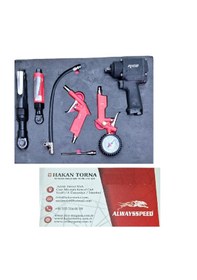 Resim Rico 1/2 Mini Havalı Somun Sökme Dolu Takım Arabası İçi 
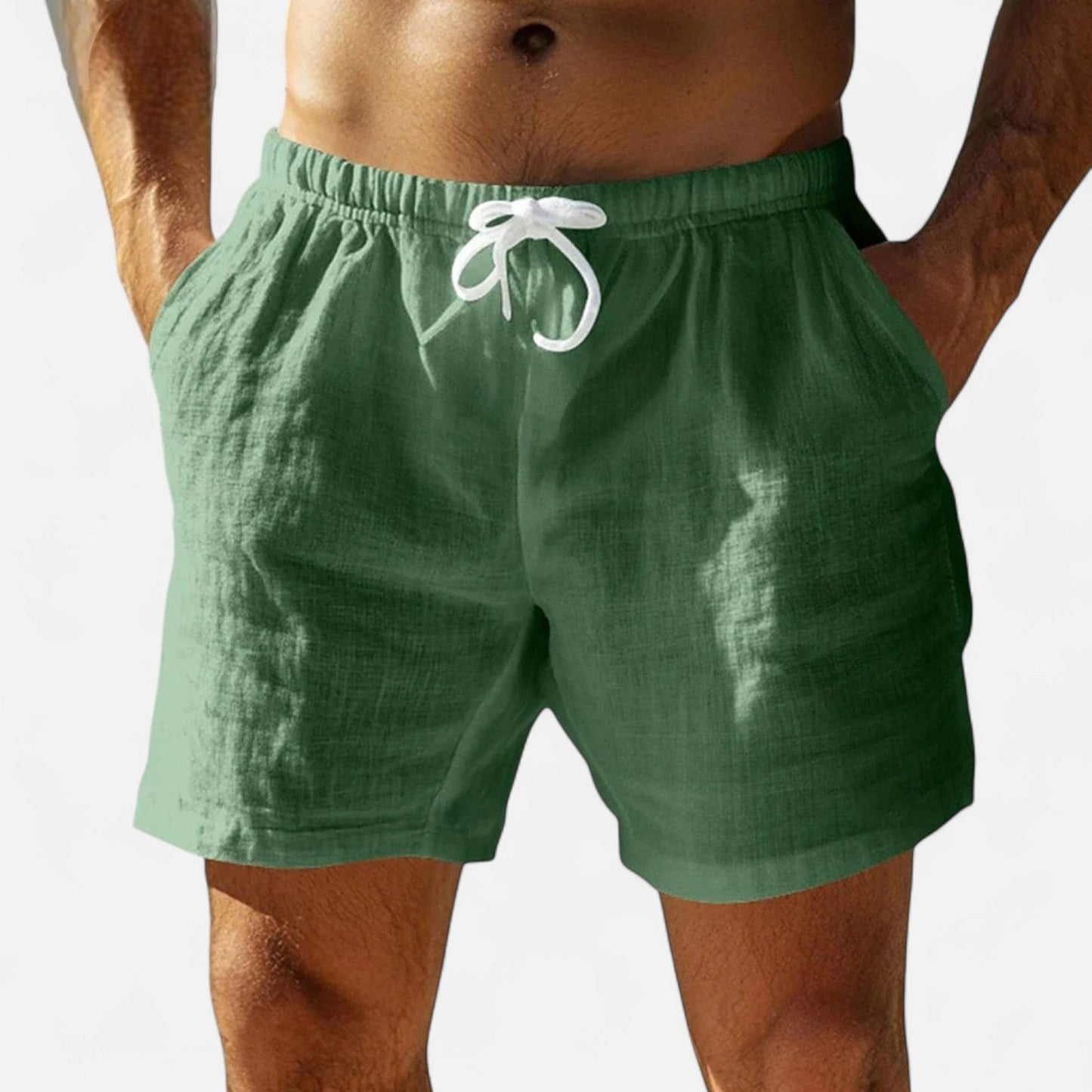 Auvier | Leisure Cotton Shorts for Men – Elegant Relaxation, Natural Comfort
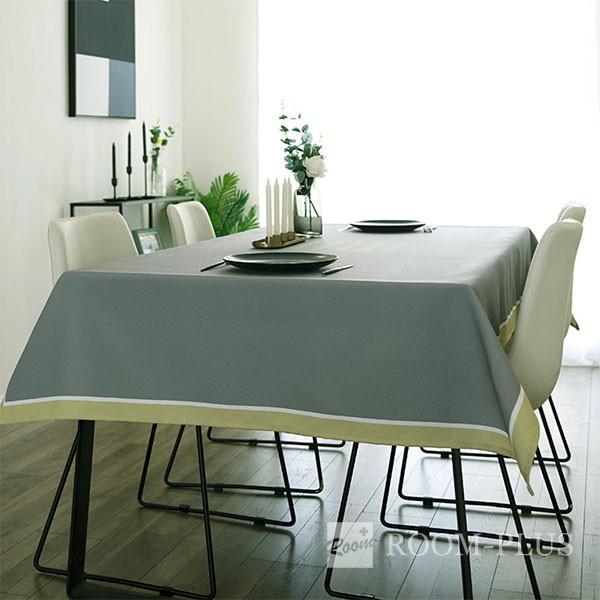 テーブルクロス 北欧 おしゃれ グレー モダン 送料無料 テーブルマット ダイニングテーブル 140cm 180cm 0cm 240cm Table C0121 Table C0121 Doublequotation 通販 Yahoo ショッピング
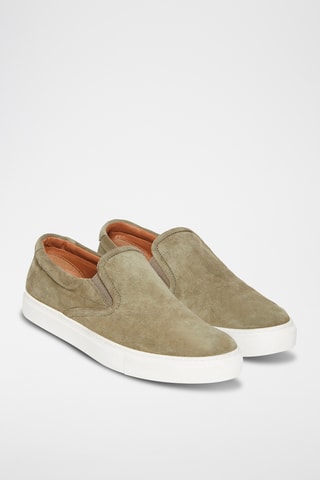Slip-on en nubuck Theo - Kaki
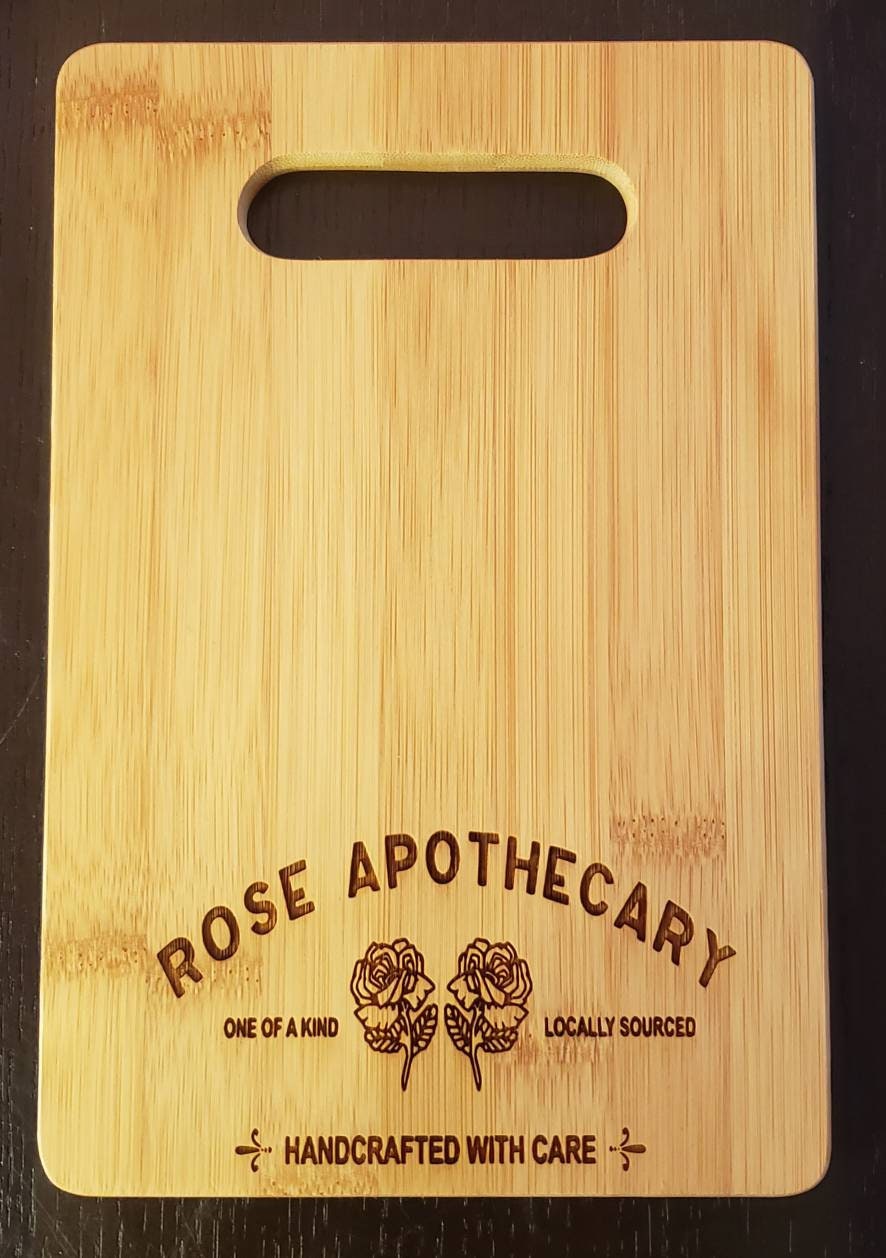 Rose Apothecary Cutting Board - Alexis Rose - David Rose - Ew David - Rose Apothecary, Christmas Gift, Secret Santa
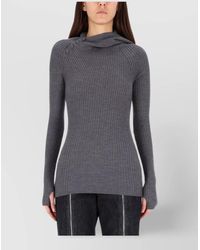 Jean Paul Gaultier - Ribbed Merino Wool Sweater - Lyst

_How to complete this task_
All records above should be duplicated exactly, with the pictures omitted.

_Exercise solution_
 Resim Rico 1/2 Mini Havalı Somun Sökme Dolu Takım Arabası İçi 
 Auvier | Leisure Cotton Shorts for Men – Elegant Relaxation, Natural Comfort
 テーブルクロス 北欧 おしゃれ グレー モダン 送料無料 テーブルマット ダイニングテーブル 140cm 180cm 0cm 240cm Table C0121 Table C0121 Doublequotation 通販 Yahoo ショッピング
Slip-on en nubuck Theo - Kaki
 Rose Apothecary Cutting Board - Alexis Rose - David Rose - Ew David - Rose Apothecary, Christmas Gift, Secret Santa
 Jean Paul Gaultier - Ribbed Merino Wool Sweater - Lyst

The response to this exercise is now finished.